▶ WORK INSTRUCTIONS
Only the pictures are to be left out, and the rest of the entries should be reproduced exactly.

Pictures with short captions

- Opening Delimiter -

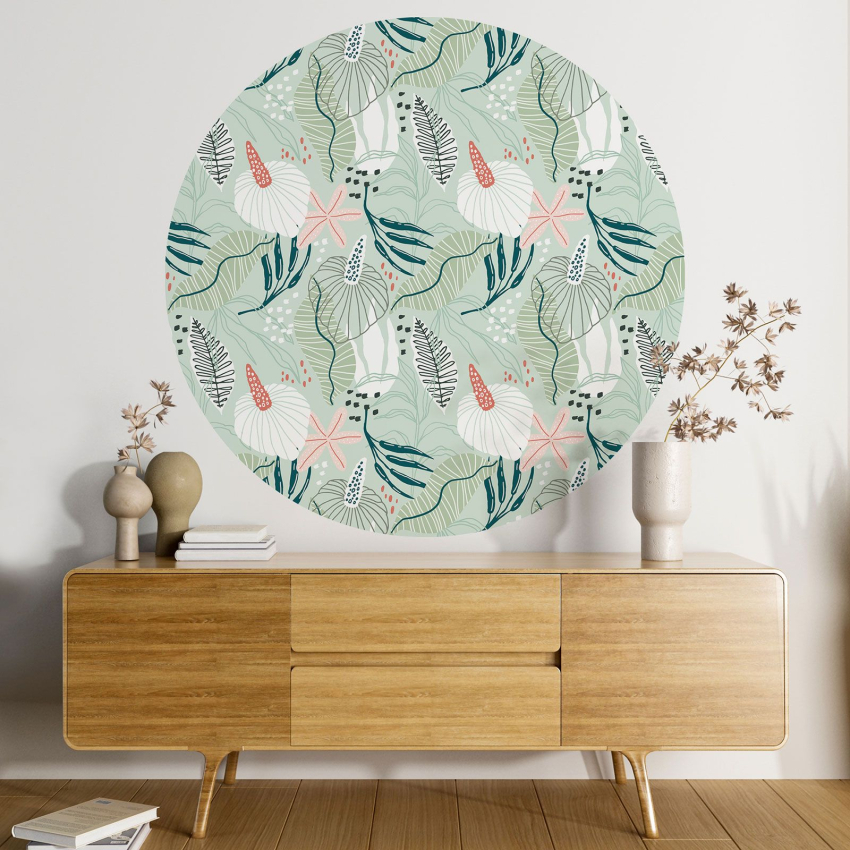 Papier peint rond / cercle - Motif floral - 255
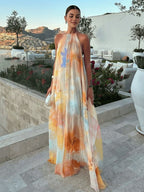Chic Orange Tie Dye Floral Falbala Backless Flowy Vacation Maternity Maxi Dress for Maternity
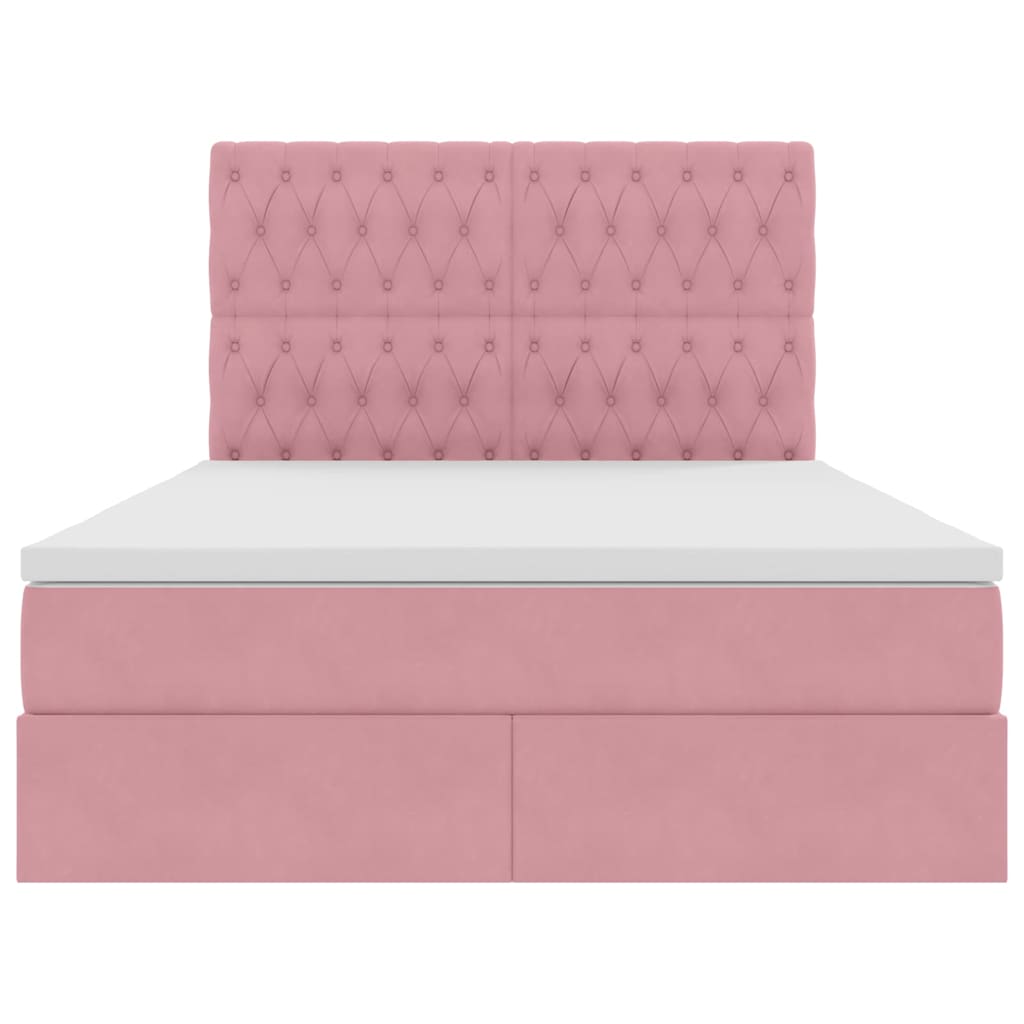 Letto con contenitore e materasso Rosa 140 x 190 cm Velluto | homemem39
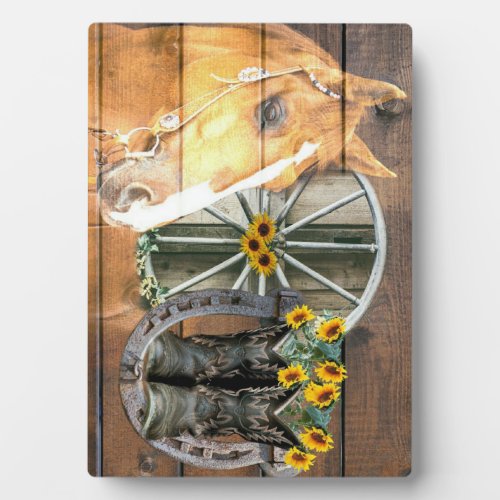 Western Horse Wagon Wheel Horseshoe Cowboy Boots Plaque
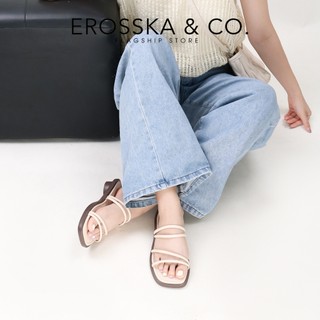 Erosska- Giày sandal nữ mũi vuông phối dây quai mảnh mang được 2 kiểu cao 2cm màu nâu _ EM105
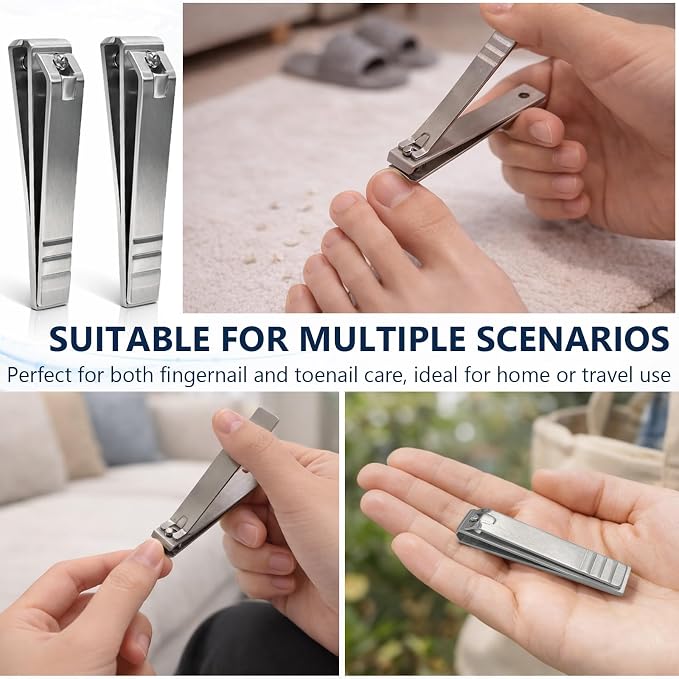 Silver Heavy-Duty Straight-Edge Nail Trimmer – 2 PCS Professional Stainless Steel Wide-Jaw Toenail & Fingernail Clippers for Thick Nails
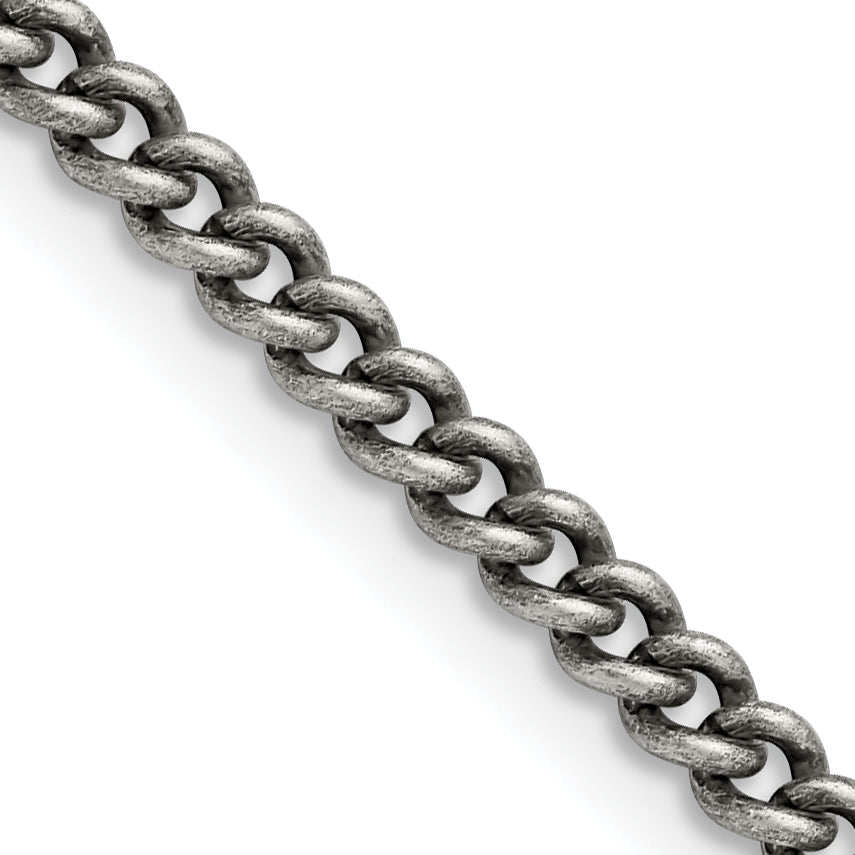 Chisel Stainless Steel Antiqued 4mm Round Curb Chain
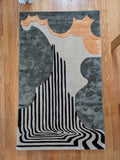 Art Deco Striped Hand Tufted Rug 3 x 5 ft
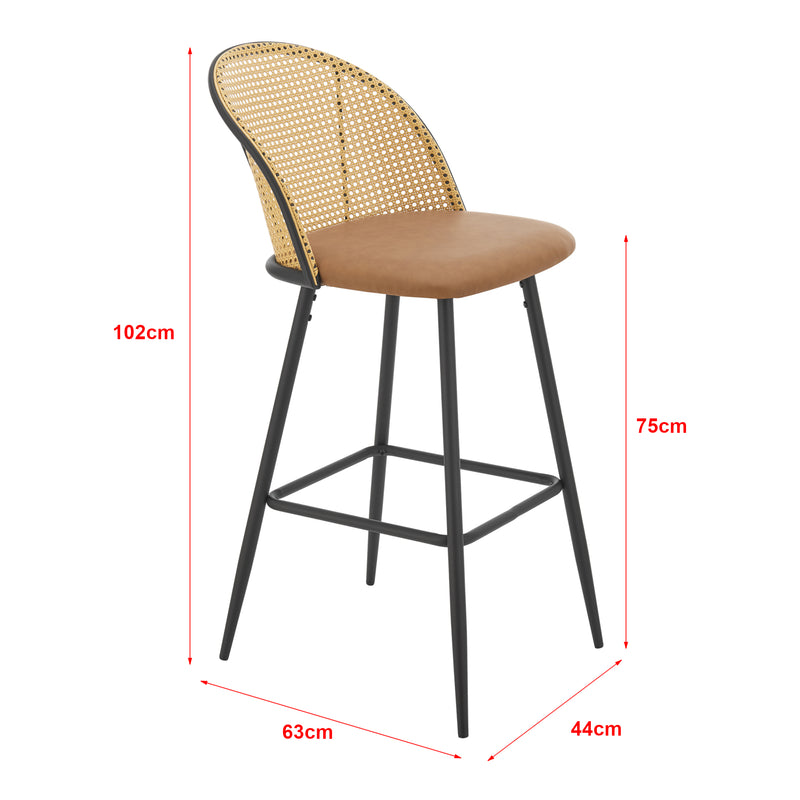 Schizzo in scala Set 'Gausdal' 2 Sgabelli da Bar Similpelle con Schienale in Rattan [en.casa]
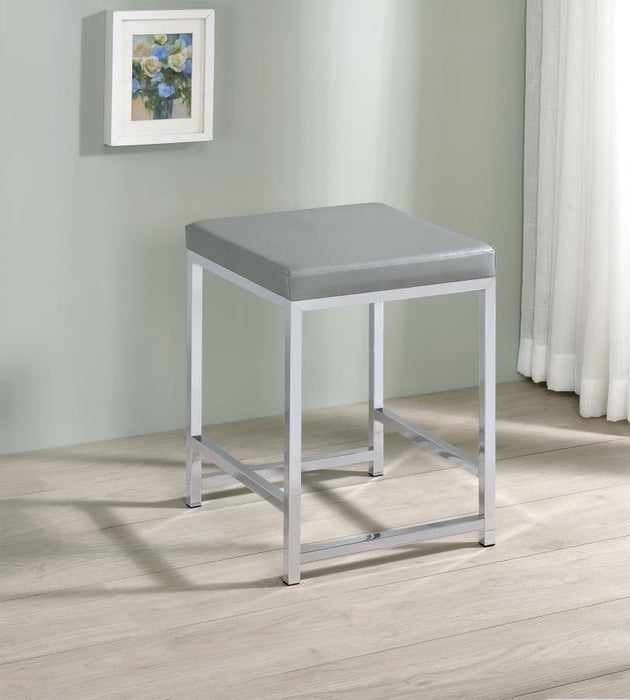 Umbridge - Upholstered Square Padded Cushion Vanity Stool - Light Gray – Vanity Stools by CoasterEssence at Furniture Wholesale Plus , Nashville furniture store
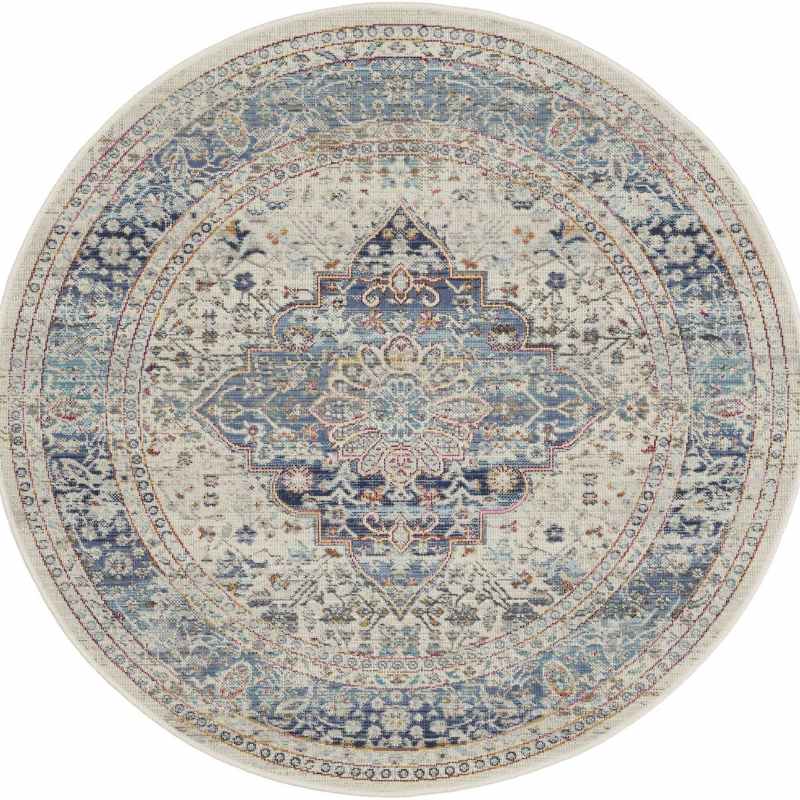 Vintage Kashan Traditional Circle Rugs VKA07 by Nourison in Ivory Blue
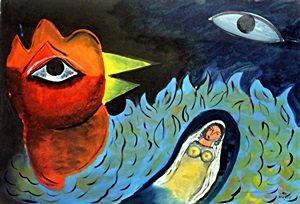 Rooster Flight, 1946 - Oil on Paper - Marc Chagall: Oil Painting on Paper, Hand Signed by the artist, Approximate Size 19 x 13 Inches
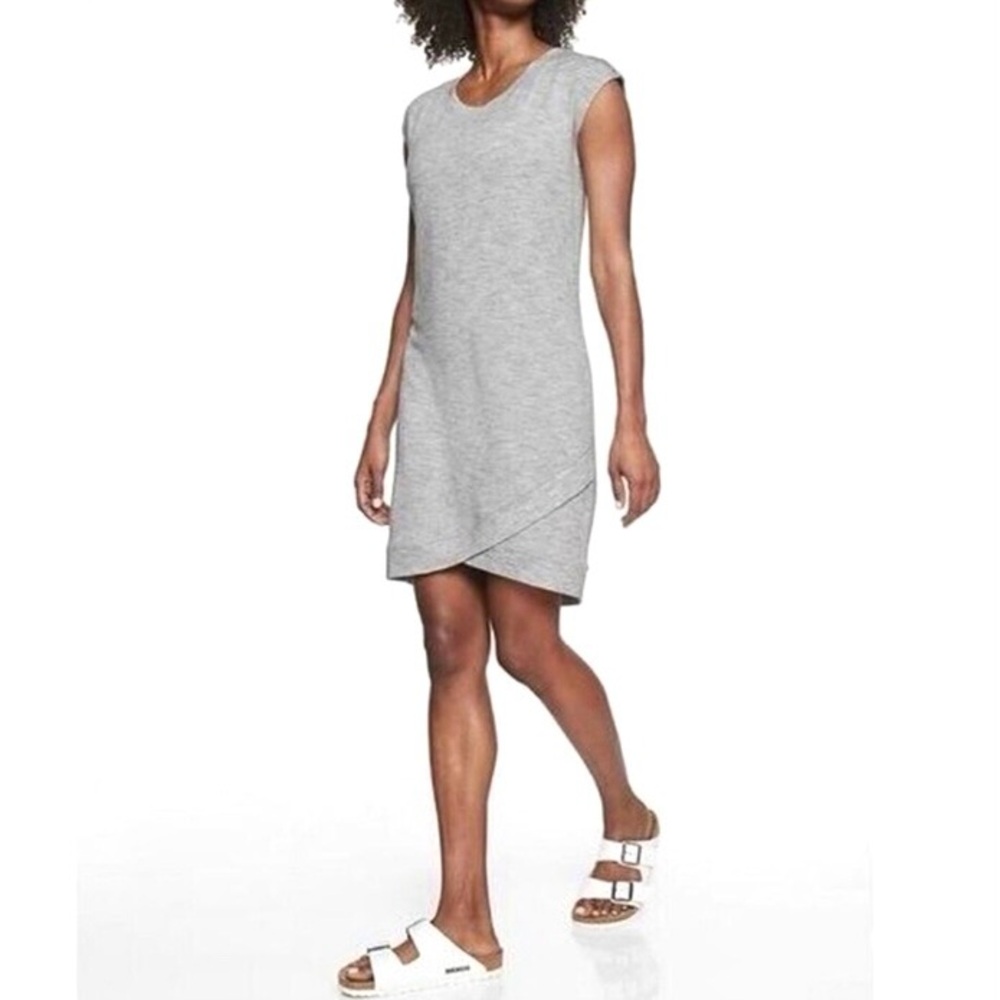 Athleta Criss Cross Dress Women’s Size M Terry Knit Cap Sleeves Athleisure Gray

- Closing Delimiter -

▶ TASK RESPONSE
 Papier peint rond / cercle - Motif floral - 255
Chic Orange Tie Dye Floral Falbala Backless Flowy Vacation Maternity Maxi Dress for Maternity
 Letto con contenitore e materasso Rosa 140 x 190 cm Velluto | homemem39
 Western Horse Wagon Wheel Horseshoe Cowboy Boots Plaque
 Erosska- Giày sandal nữ mũi vuông phối dây quai mảnh mang được 2 kiểu cao 2cm màu nâu _ EM105
 Silver Heavy-Duty Straight-Edge Nail Trimmer – 2 PCS Professional Stainless Steel Wide-Jaw Toenail & Fingernail Clippers for Thick Nails
 Chisel Stainless Steel Antiqued 4mm Round Curb Chain
 Art Deco Striped Hand Tufted Rug 3 x 5 ft
 Schizzo in scala Set 'Gausdal' 2 Sgabelli da Bar Similpelle con Schienale in Rattan [en.casa]
 Umbridge - Upholstered Square Padded Cushion Vanity Stool - Light Gray – Vanity Stools by CoasterEssence at Furniture Wholesale Plus , Nashville furniture store
 Vintage Kashan Traditional Circle Rugs VKA07 by Nourison in Ivory Blue
 Rooster Flight, 1946 - Oil on Paper - Marc Chagall: Oil Painting on Paper, Hand Signed by the artist, Approximate Size 19 x 13 Inches
 Athleta Criss Cross Dress Women’s Size M Terry Knit Cap Sleeves Athleisure Gray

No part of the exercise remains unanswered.